Leave it to the local Rubber Brother Records to find unique methods of advertising.

The record label, known for releasing new recording via cassette, recently repeated something that's quickly becoming a Rubber Brother tradition. This past Saturday, about a few hundred fans — braving excessive heat advisories and a dust storm — packed into the performing space at the Parliament in Tempe between McClintock Drive and University Drive to watch a "Round Robin."

This type of set, where several bands bunch set up their equipment side-by-side on a stage, play several songs, followed by the next band, and then another, didn't originate with the label, yet it fits well into their style.

"I thought it would be interesting to do a Round Robin because it would showcase multiple bands in a very short time-frame and also make for a more interesting show experience for the people watching," Rubber Brother co-founder Robbie Pfeffer said.

For Saturday's set, five of their bands (Playboy Manbaby, Treasure Mammal, Thin Bloods, Boss Frog, Wolvves) performed before a packed room at Parliament.

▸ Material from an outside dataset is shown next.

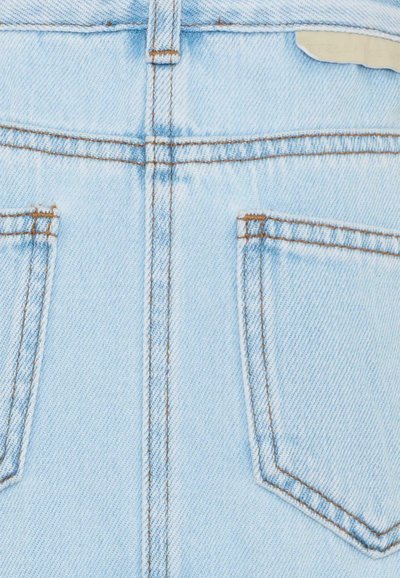 Gros plan sur l'arrière d'un jean en denim bleu clair avec deux poches et des coutures marron visibles le long des coutures et des bords des poches.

Pfeffer, whose also a member of Playboy Manbaby, said that the people in the room stayed constant, even when the crowed had the opportunity to depart after seeing their desired band.

Pfeffer and his co-founder Gage Oleson co-opted the idea from electronic musician Dan Deacon, who did something similar on several tours, sometime in 2011. Although, they've had experience with Round Robins previously, this is the first instance of what Pfeffer calls a "streamlined" version of the idea: the first one ran all-day in an outdoor shop in downtown Phoenix, while the next instance occurred over a three-day festival.

Much was accomplished within the relative short time frame of a the pacing of their first regular set. Within a three-hour set, which ran on-time between 8 p.m. and 11 p.m., one band plays two songs while the other four watch and then the next band takes center stage, followed by the next band, etc.

"Playing a Round Robin is undoubtedly more intense than just playing a normal show. You have to be engaged the entire night, it's not a typical, play for an hour and go drink a beer type of scenario," Pfeffer said.

Pfeffer considered the latest "Round Robin" a success, and fully expects to do another, but not before cultivating some of their individual acts in the near future.

The next upcoming show will feature The Thin Bloods & Playboy Manbaby and their latests releases (or cassettes) playing August 23 at The Crescent Ballroom in downtown Phoenix.